Ukrayna Dışişleri Bakanlığı sözcüsü Mariana Betsa sosyal paylaşım sitesi Twitter’da, işgal altındaki Kırım mahkemelerini açık bir şekilde kınadığını ifade eden bir paylaşımda bulundu. Betsa, Rusya, “yerli halkı kırmayı, bastırmayı ve yok etmeyi hedefliyor” dedi.
Yargılamalar, bölgenin başkenti Simferopol’ün yanı sıra Alushta, Belogorsk, Dzhankoy, Sudak, ve Kirovsky şehirleri ile Krasnogvardeysky ve Sovetsky ilçeleri de dahil olmak üzere Rusya işgali altındaki Kırım yarımadasının çeşitli yerlerinde yapılıyor.
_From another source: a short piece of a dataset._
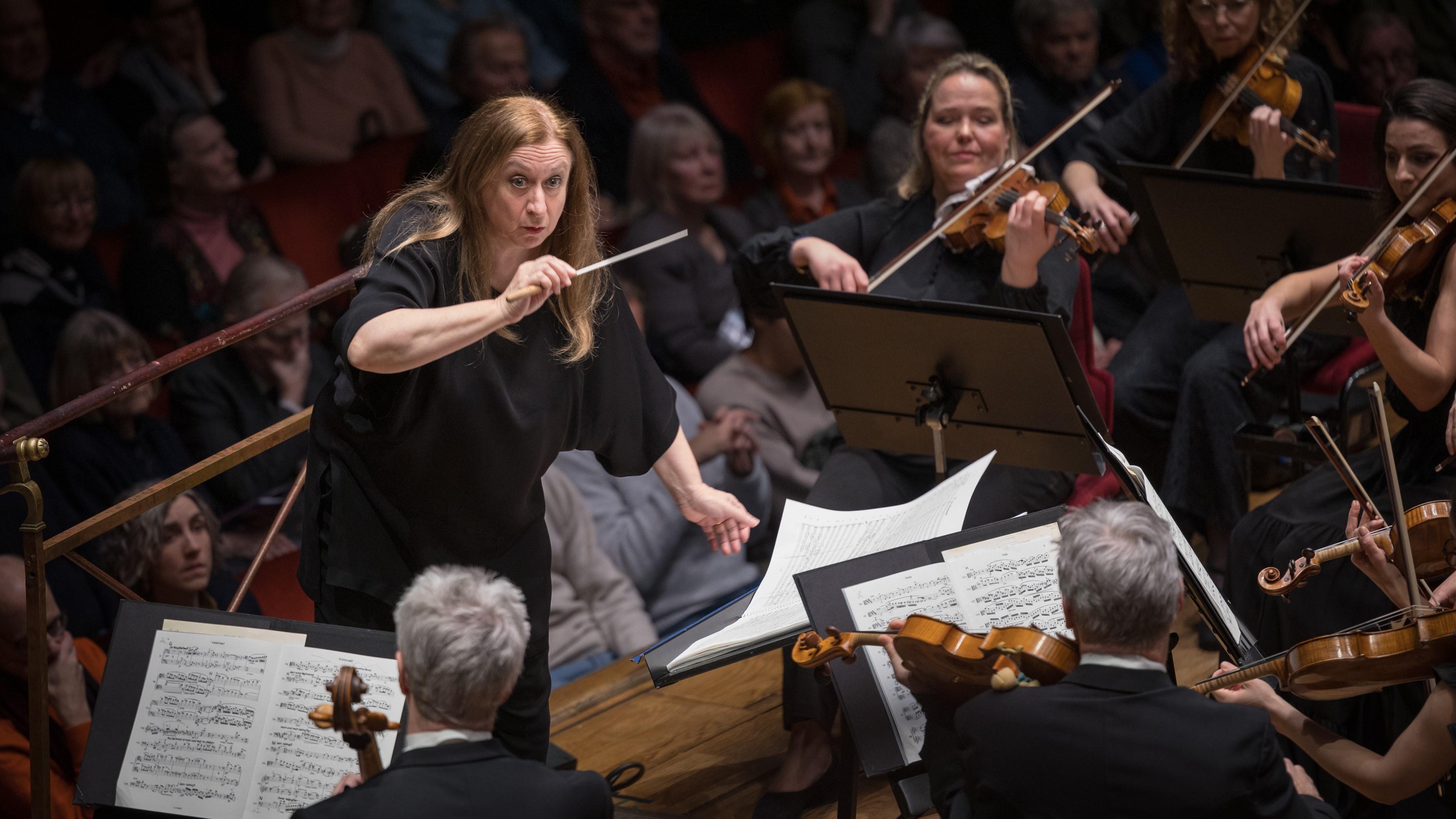 Under Simone Youngs ledning gjorde Kungliga Filharmonikerna ett ypperligt framförande av Franz Schmidts andra symfoni. Foto: Nadja Sjöström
Tüm aktivistler, 14 Ekim’deki tek kişilik protestolara katılmaları nedeniyle “toplantı düzenleme ve gerçekleştirme prosedürünü ihlal etmek” ile suçlanıyor. 14 Ekim’de onlarca Kırımlı Tatar aktivist, insan haklarına saygı gösterilmesini talep etmek ve Rusya’nın kendilerine yönelik misillemelerini ifşa etmek için sokaklara çıktı. Polis memurları bu tek kişilik protestoları “izinsiz kitlesel gösteri” olarak değerlendirdi.
Daha önce mahkum edilenlere 10.000 ruble (170 Amerikan Doları) para cezası verildi ve bu, aylık ortalama ücretin 24.000 ruble (410 Amerikan Doları) olduğu bir bölgede çok yüksek bir tutar.